Um zwölf Uhr in der Nacht schlägt der Blitz in die große Stromzentrale. Eine Feuergarbe schießt zum Himmel; die lebendige Kraft treibt die Schwungräder einige Umdrehungen weiter, dann steht das Werk still – das Zentrum von Kopenhagen liegt in tiefem Dunkel.
Der Regen schwillt an, aber das Gewitter, das südwärts zieht, nimmt ihn mit, und plötzlich liegt Totenstille über der dunklen Stadt.
An allen Fenstern starren blasse Gesichter.
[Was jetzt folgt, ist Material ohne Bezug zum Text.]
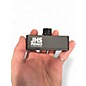 Used JHS Pedals Little Black Amp Box Pedal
Dann wird es lebendig in den Ecken und Winkeln der Gassen. Es quillt heraus, schart sich in Rudeln zusammen, strömt in dunklen Massen durch die Straßen, fließt ineinander zu einem unabsehbaren Zug.
Die Hunde!
Sie halten die Köpfe gesenkt und stieren geradeaus, während sie wie gehetzt durch die Stadt irren.
Von der Frelser Kirche schlägt es dreiviertel eins; der durchdringende Klang zittert herunter zu den verängstigten Tieren, daß sie erschrocken zurückweichen. Und plötzlich steigt ein irrsinniges Geheul zum Himmel, das die ganze Stadt erfüllt. Alle Todesangst der Kreatur schreit aus diesem Klang, dem sich niemand entziehen kann.
In die Antennen von Nordland fallen knatternd Zeichen. Radio arbeitet im ganzen Land; aber niemand vermag die Botschaft zu deuten.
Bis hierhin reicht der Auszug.